论文详情
在前人研究的基础上,完整地导出了面元大小和覆盖次数、炮点子域和排列片接收道数以及接收点子域和排列片总炮数等参数与三维炮道密度的基本关系,阐述了炮道密度的物理意义。讨论了一定条件下,随面元大小、炮点子域和接收点子域变化的三维观测方式及其属性的变化规律。基于YA三维和SHB三维实际资料,对比分析了不同观测方式的地震成像效果,总结了影响地震剖面品质的关键观测系统参数。研究认为,以面元为单位面积的炮道密度等同于面元的有效覆盖次数。一定炮道密度条件下的三维观测方式是多变的,对三维观测系统参数的具体描述是炮道密度应用的基础,而覆盖次数和炮点密度是影响地震成像的两个重要参数,高覆盖有效提高了剖面的信噪比;相同覆盖次数条件下,较高的炮点密度(DS/DR∝1)和均匀分布的炮检点,面元能获得更高的近中偏移距覆盖次数,方位角分布更均匀,利于缝洞储集单元及断层边界的准确成像。

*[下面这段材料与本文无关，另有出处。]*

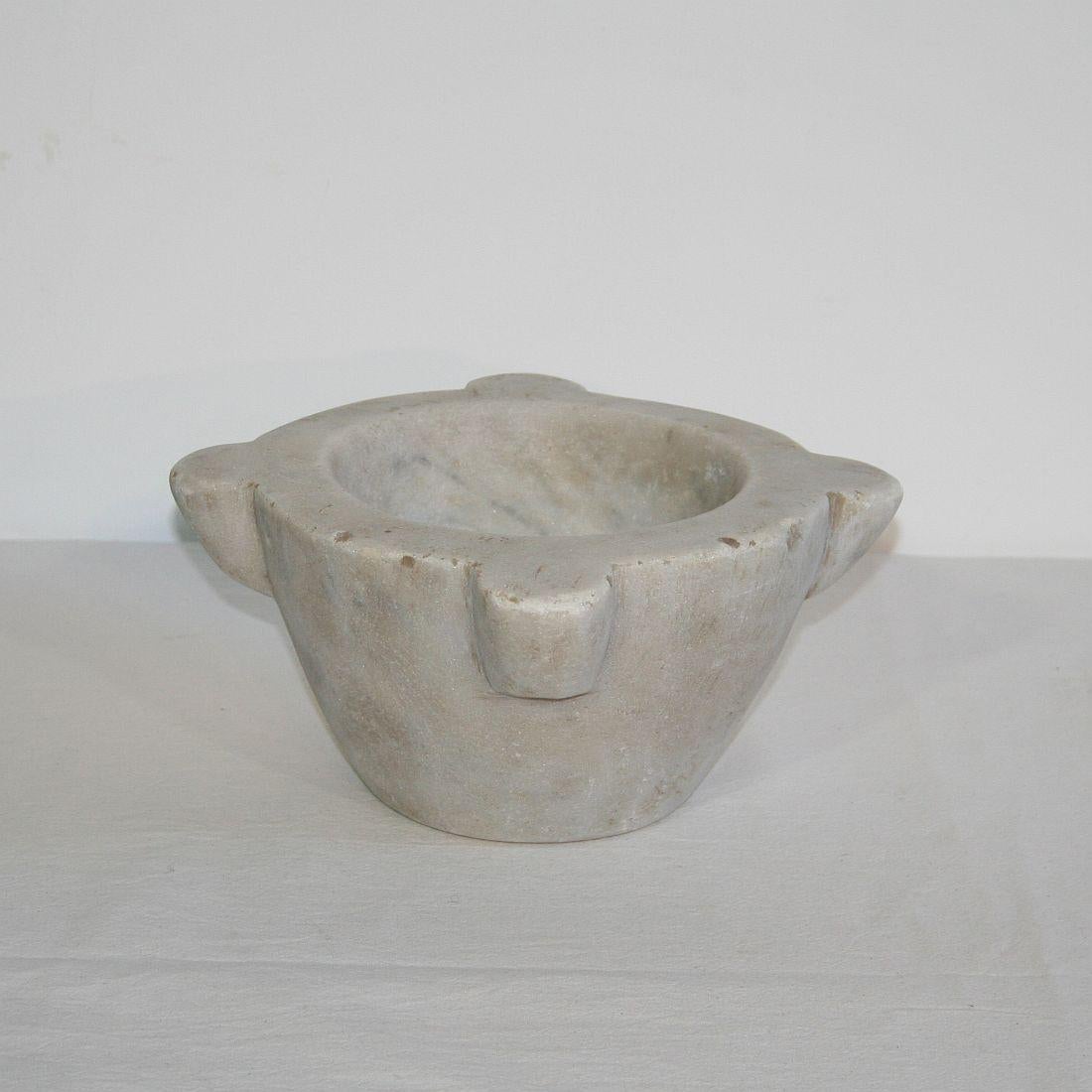 Primitive white marble Mortar, France, 18th century. Weathered.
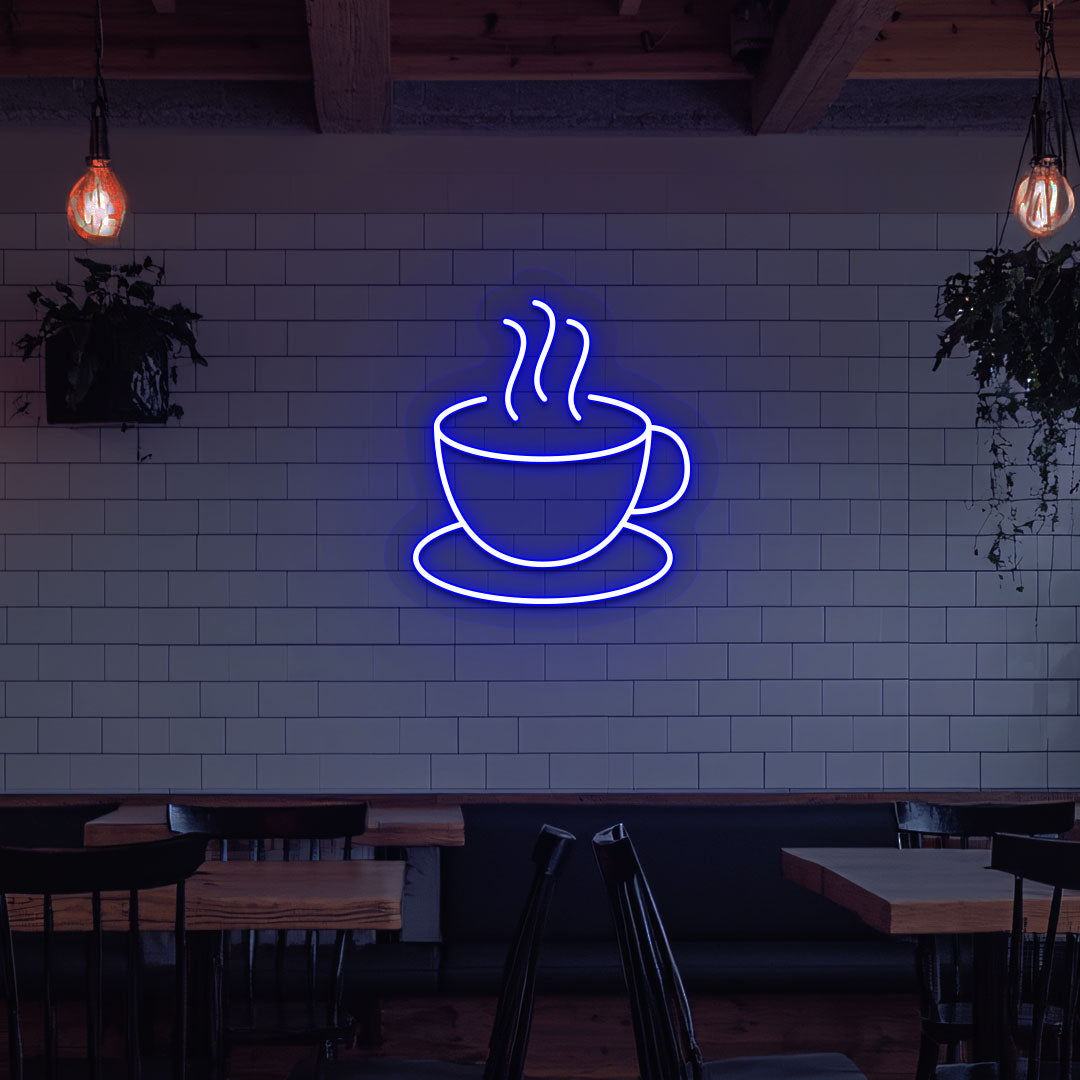 Stylish coffee mug neon sign in blue LED on cafe interior wall.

On the basis of the previous studies,the basic relations between the three-dimensional (3D) shot and trace (S&T) density and the parameters such as the bin size,fold,shot compartmentation and the number of traces of receiving patch,the receiver compartmentation and total number of receiving patches were calculated,and the physical meaning of the S&T density was analyzed.The design of the 3D survey geometry and its properties were discussed in terms of bin size,shot compartmentation,and receiver compartmentation for a given S&T density.Using actual 3D data from YA and SHB,the seismic imaging results using different 3D survey geometries were compared,and the key parameters of geometry that affect the quality of seismic data were determined.It was concluded that S&T densities per unit bin correspond to the effective fold of the bin.Several possible 3D geometries are available for a given S&T density.Determining the parameters of the 3D survey geometry is essential for the application of S&T density.Among these parameters,fold and shot density are the most important factors that affect seismic images.A higher fold can effectively enhance the signal-to-noise ratio of a section.For a given fold,a higher shot density and uniform distribution of shot-receiver points can help obtain higher folds for near and medium offsets in a bin.The resulting distribution of the azimuths is also more uniform,which is conducive for achieving an accurate image of fracture-cave reservoir units and fault boundaries.